Productivity in Your PJs: The Beauty of Remote Retreats

Productivity in Your PJs: The Beauty of Remote Retreats

Header photo by Nick Morrison on Unsplash.


Brittnee is a PhD candidate at the University of Glasgow, focusing on introduced place-names and migration in New Zealand. Previously, Brittnee obtained her BSci degree in Anthropology, and MLitt in Celtic Studies. Currently, Brittnee convenes the University of Glasgow's Onomastics reading group and works as a GTA in Celtic Civilisations. Find her on Twitter @brittneeleyysen.

We all have days where we wake up, take one look outside, and think ‘not today’. We all have days that start with a delayed delivery, a sore throat, a child/pet/partner needing looked after, or any number of disruptions that mean you are not getting to the office today. Some of us might not even have an office to go to or are located far from anything resembling a normal workspace.

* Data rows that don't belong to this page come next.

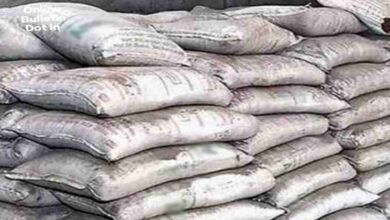 Cement Price In Chhattisgarh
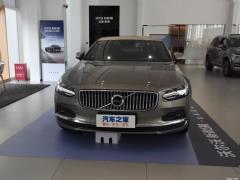 2021 год B5 Zhiyuan Deluxe Edition 2021 B5 Zhiyuan Deluxe Edition Фото 2 из 43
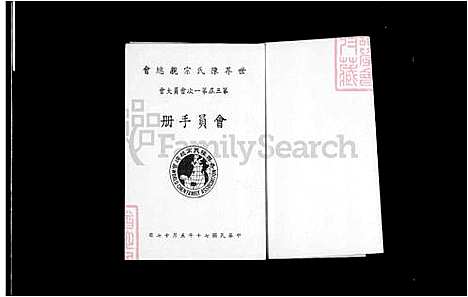 下载_世界陈氏宗亲总会会员大会会员手册-第3届第1次民国70-1981_台湾世界陈氏宗亲总会会员大会会员手册.pdf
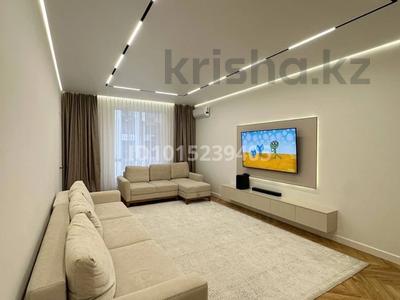 3-комнатная квартира · 91 м² · 8/9 этаж, Аль-Фараби 7/3 — Samal Park за 84.9 млн ₸ в Астане, Есильский р-н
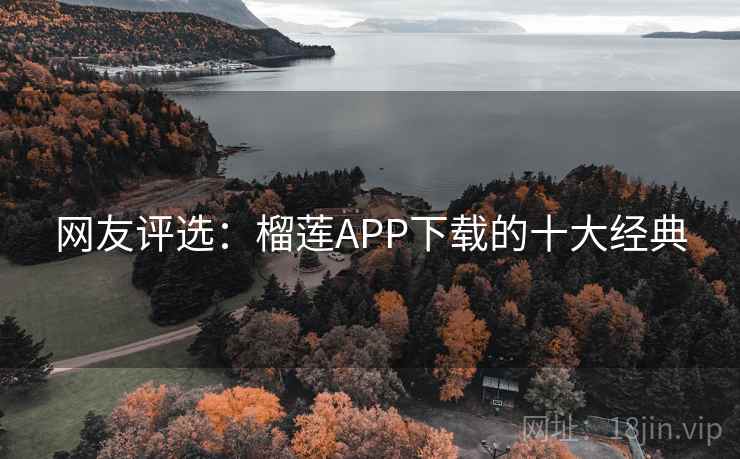 网友评选：榴莲APP下载的十大经典  第2张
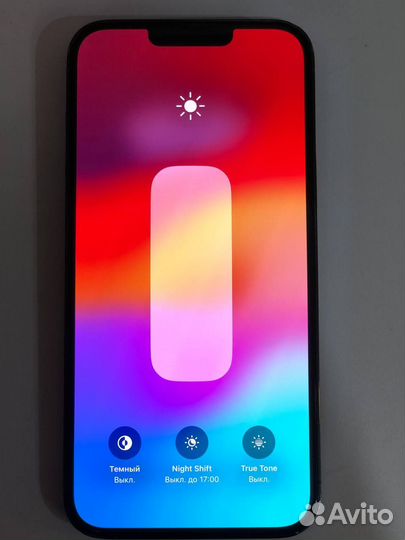 iPhone 13 Pro Max, 512 ГБ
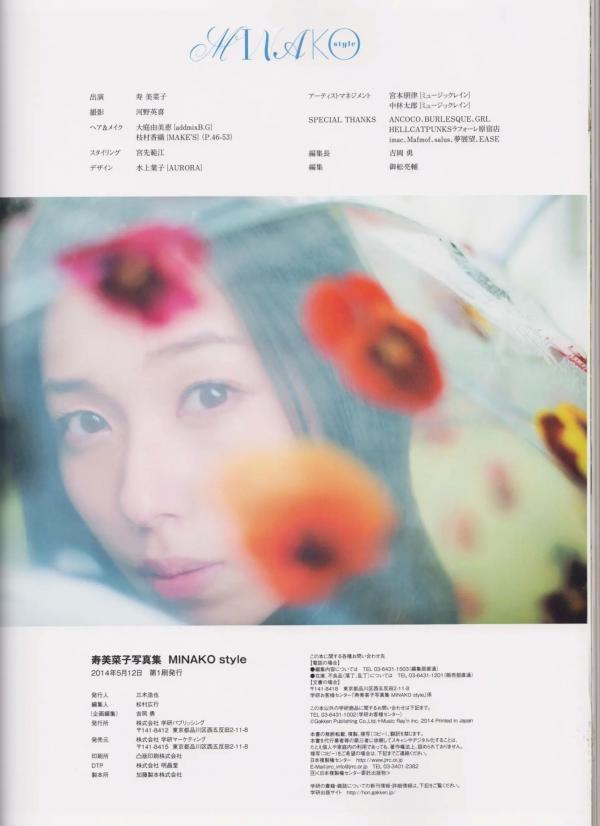 寿美菜子   《寿美菜子 - MINAKO style》钢琴写真与和服造型，展现多变文艺优雅时尚杂志风第91张图片
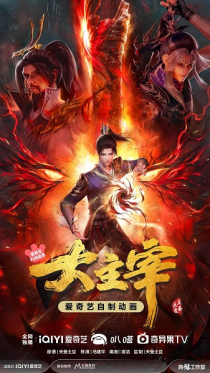Da Zhu Zai (2023) 2nd Season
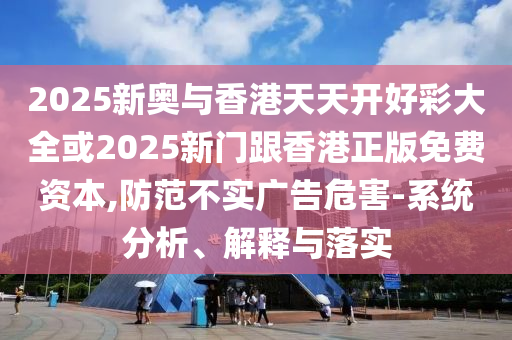 廣汽埃安高管痛批價格戰(zhàn)關鍵解答、專家解析解釋與落實?-抵制欺騙的伎倆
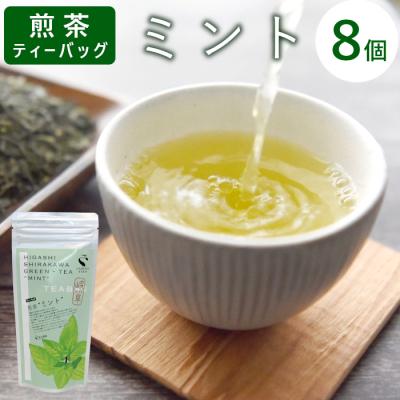 ふるさと納税 東白川村 煎茶ティーバッグ ミント 8個 東白川村産 岐阜県産 煎茶 上煎茶 ミント ティーバッグ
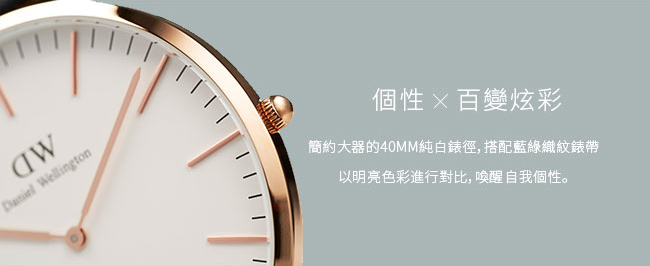 DW 手錶 官方旗艦店 40mm玫瑰金框 Classic 經典藍綠織紋錶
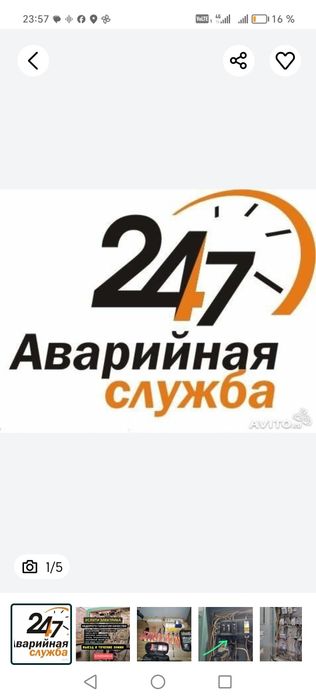 Услуги электрика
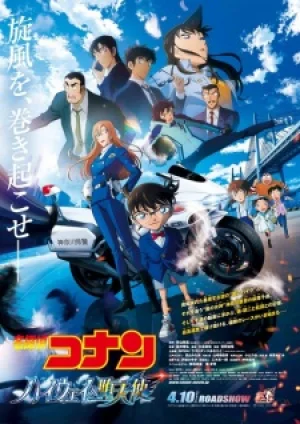 Вышла 1 серия аниме «Детектив Конан. Фильм 29»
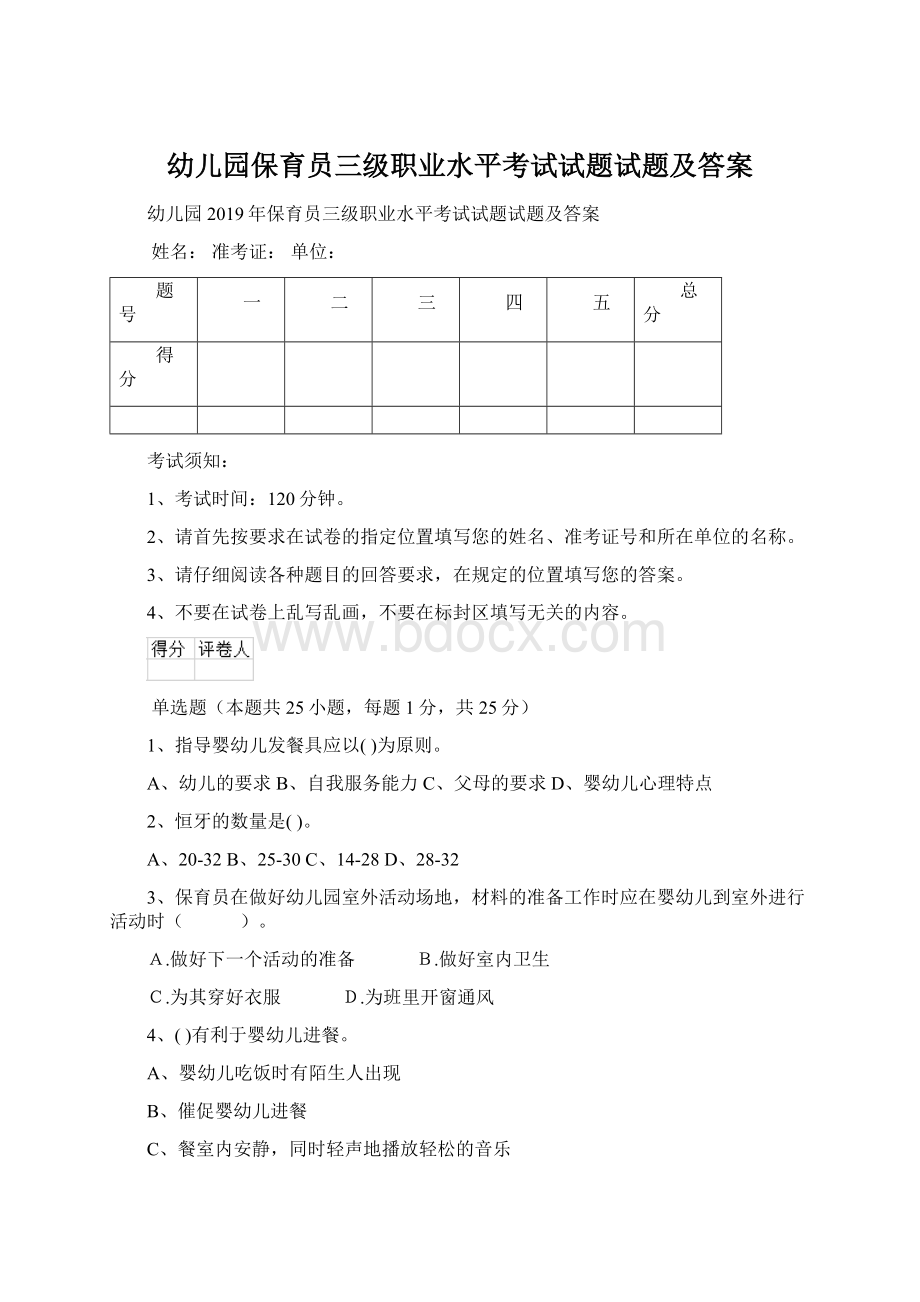 幼儿园保育员三级职业水平考试试题试题及答案.docx_第1页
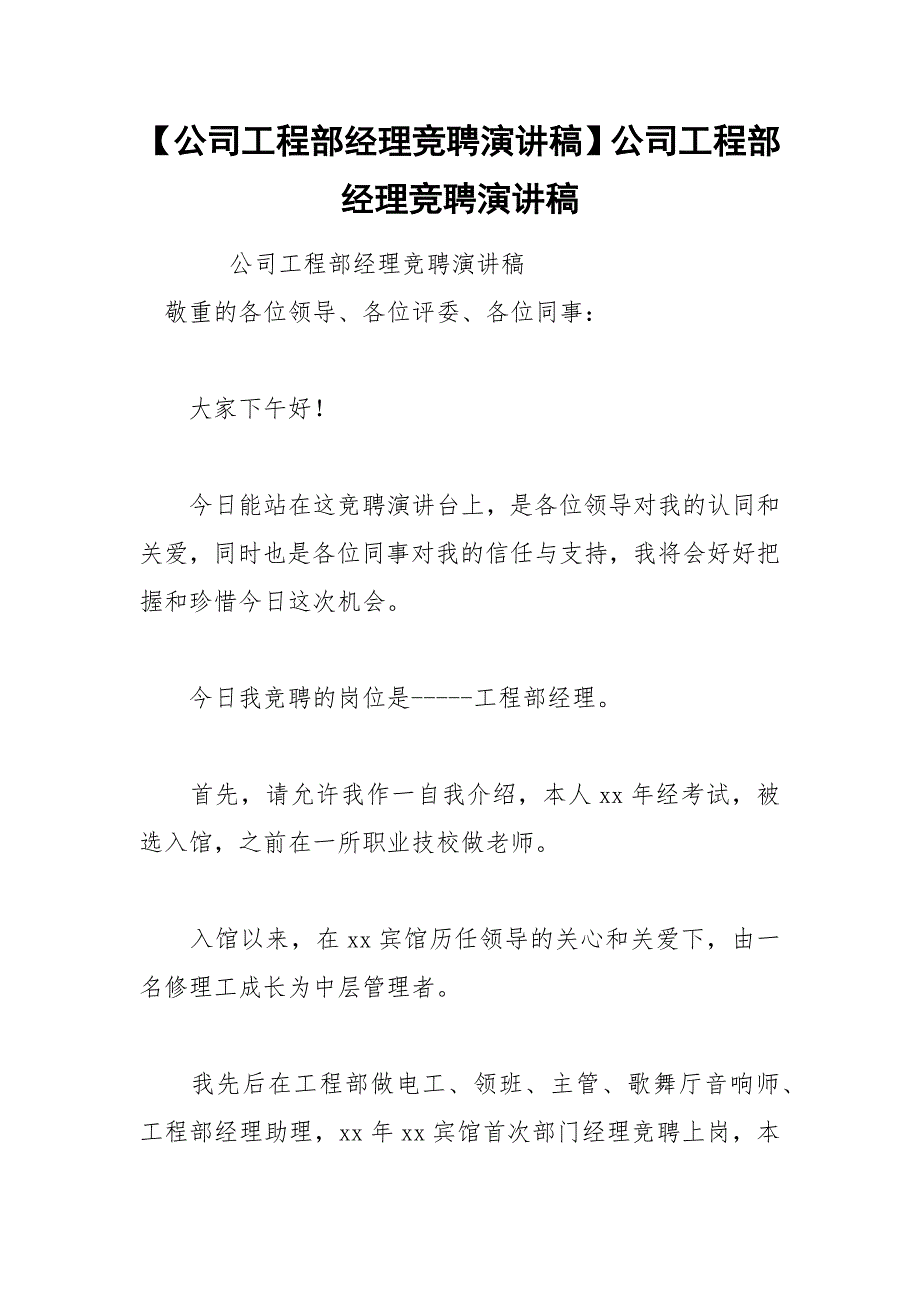 【公司工程部经理竞聘演讲稿】公司工程部经理竞聘演讲稿_第1页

The PhD can be done from anywhere, but sometimes it is hard to feel like you are doing much of anything if you are removed from others and missing any accountability/motivational check-ins you might get in a shared workspace environment. That is where remote retreats come in.

My #RemoteRetreat Experience

I found remote retreats to be a saving grace for my thesis during a time when I was living on my own, not able to make it into the office, and felt that there was no real structure to my writing habits. Like many academics, I often find myself drawn to the wisdom of ‘academic Twitter’ where helpful tips and tricks on everything from referencing managers to productivity apps can be found.

It was on Twitter that I came across the hashtag #RemoteRetreat shared on the @@PhDWomenScot account. The hashtag was started by Dr Lucy R Hinnie (@yclepit on Twitter), currently a postdoctoral fellow at the University of Saskatchewan in Saskatoon, Canada, in March of 2018. She left an in-person writing retreat and thought the experience was so useful that she decided to bring it online using #RemoteRetreat. She invited people to join her, and in the last year and a half, the hashtag and virtual writing retreat schedule has spread and been used around the world.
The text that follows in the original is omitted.